0
votes

As my first program in verilog, I wrote a 4 bit comparator, made of individual 1 bit ones. I can't figure out why when Eo = 1, Lo = 1. I've been writing this in modelsim, and am new to the debug tools.

The code I wrote was based on the logic diagram on http://www.onsemi.com/pub_link/Collateral/MC14585B-D.PDF

// 1 Bit comparator
module comparator_1(A, B, L, E, G);
    input A, B; // 2 bits to be compared
    output L, E, G; // 3 possible outputs
    wire s1, s2;    // connecting wires for inverters

    not X1 (s1, A); // create inverter
    not X2 (s2, B);
    nand X3 (L, s1, B);
    nand X4 (G, s2, A);
    nand X5 (E, L, G);


endmodule


//4 bit comparator
module comparator_4(Lo, Eo, Go, A, B, Li, Ei, Gi);
    input [3:0] A; input [3:0] B;   //4 bit inputs 
    input Li, Gi, Ei;       //A<B, A=B, A>B inputs
    output Lo, Go, Eo;      //A<B, A=B, A>B outputs from chip
    wire [3:0]L; wire [3:0]E; wire [3:0]G;  //A<B, A=B, A>B outputs from individual comparators
    wire s0, s1, s2, s3, s4, s5, s6, s7, s8;

    // Set up individual 1 bit converters   
    comparator_1 comp0(A[0], B[0], L[0], E[0], G[0]);
    comparator_1 comp1(A[1], B[1], L[1], E[1], G[1]);
    comparator_1 comp2(A[2], B[2], L[2], E[2], G[2]);
    comparator_1 comp3(A[3], B[3], L[3], E[3], G[3]);

    // Gate logic from schematic

    or X1(s3, E[3], L[2]);
    or X2(s2, E[3], E[2], L[1]);
    or X3(s1, E[3], E[2], E[1], L[0]);
    or X4(s0, E[3], E[2], E[1], E[0], Li);
    nor X5(s4, E[3], E[2], E[1], E[0], Ei);
    nand X6(s5, L[3], s0, s1, s2, s3);
    nor X7(Go, s5, s4);


    assign Eo = s4;
    assign Lo = s5;

endmodule

Thanks

2
The schematic shows all the ors feeding into a nand, and all the nands feeding into a nor, which is what I have.
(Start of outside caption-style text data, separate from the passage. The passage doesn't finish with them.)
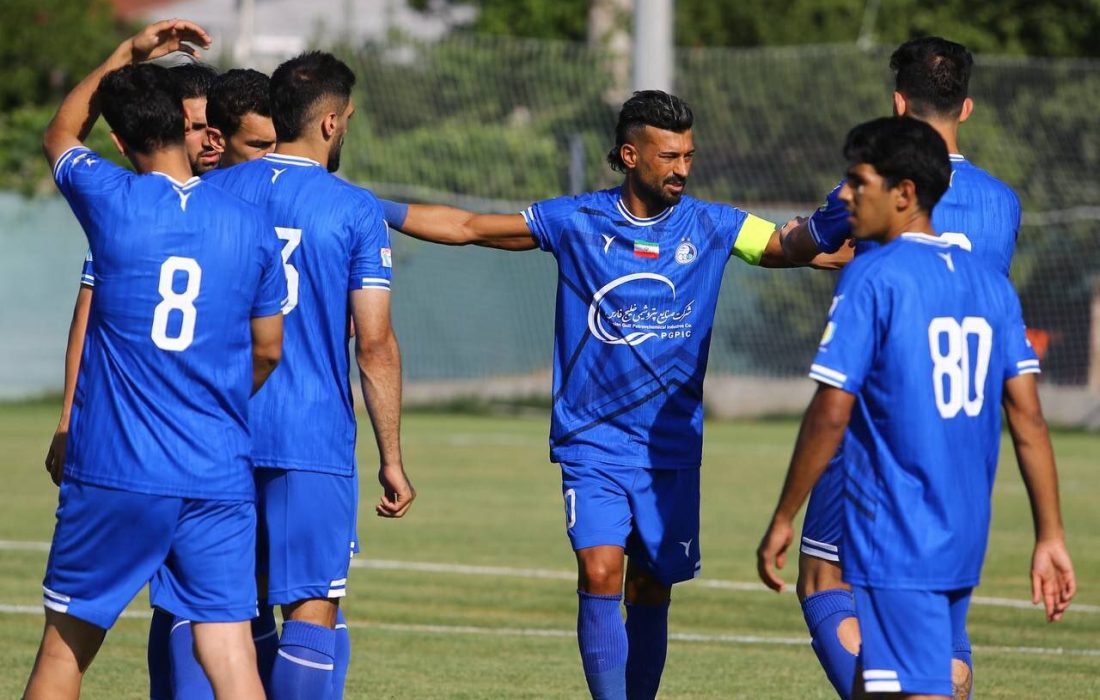 افرادی در استقلال میخواهند این تیم در کورس قهرمانی نباشد/ استقلال باید یکی مثل برانکو ایوانکوویچ را میآورد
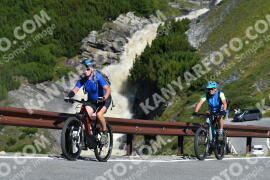 Photo #3911564 | 16-08-2023 10:09 | Passo Dello Stelvio - Waterfall curve BICYCLES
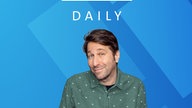 Das Coverbild des Quarks Daily Podcasts mit Host Sebastian Sonntag.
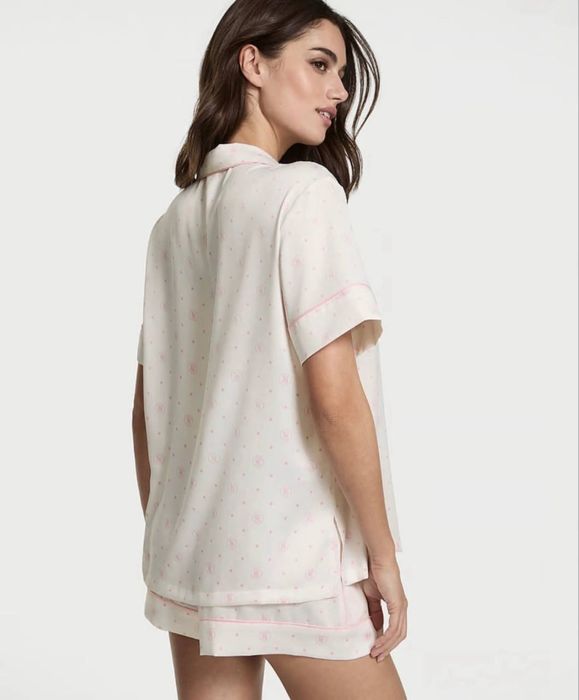 Стильна сатинова піжама victoria’s secret у розмірі s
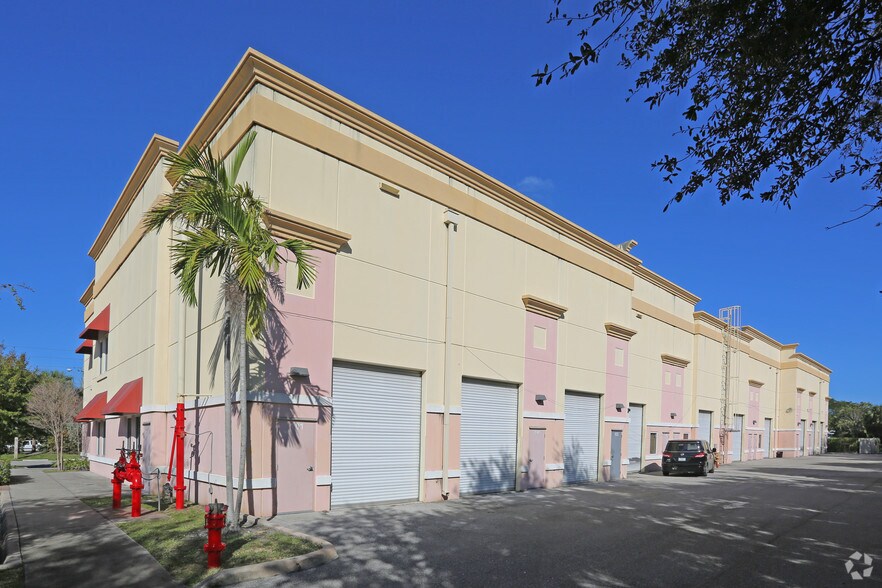 More Photos Of 4050 Westgate Ave, West Palm Beach Showroom For Lease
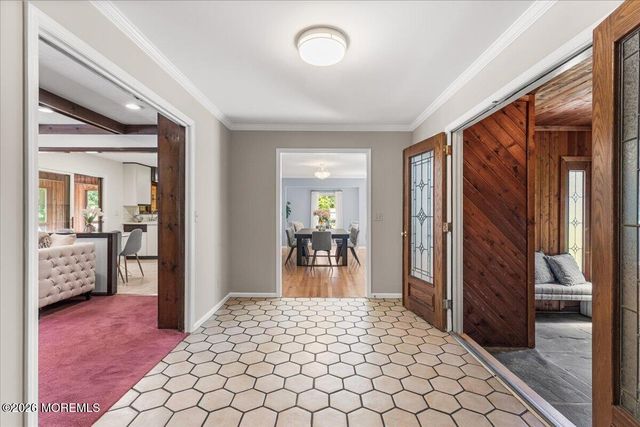 11 Galloping Hill Road, Holmdel, NJ 07733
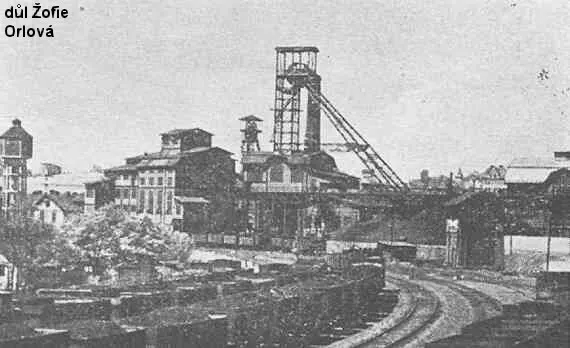 Dobová fotografie areálu dolu s hlavní těžní věží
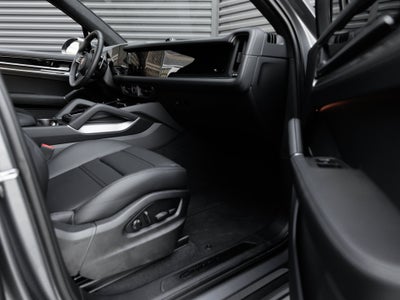 2026 Porsche Cayenne Cayenne GTS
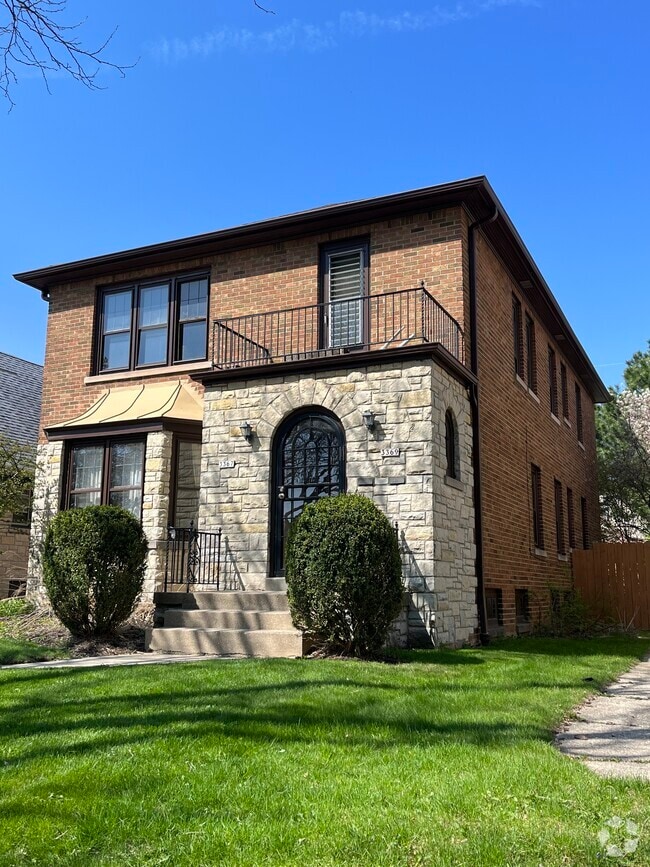 Building Photo - 3367 N 53rd St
Sorry for the terrible naming conventions. - Sean W
Yes, you're right, I misread it - samgak
There's a few nots in the schematic that don't seem to be in the code. e.g. Li and Ei go through a not at the start. And all the outputs go through a not at the end. Did you optimize that out somehow? - samgak
Is that not a double inverter at the end? If not, that could be the whole problem, as I originally had the inverters on the inputs of those 2. - Sean W

2 Answers

0
votes

Based on the truth table, I would have described your Eo condition as

AND(s4,E[3], E[2], E[1], E[0], Ei);
assign E0 = s4;

In my mind, I am sure why that truth table assigns the possible output of A < B == 1 and A=B == 1 for the cascading inputs. That says it is both less than and equal. Bogus logic IMHO, but perhaps there are uses that I am not aware of. But the above statement for Eo will cover you in both cases, where all equals are asserted and the cascaded input is asserted as well.

Can I ask if you tried to write this at a higher level? I got confused with all the NOR and OR's.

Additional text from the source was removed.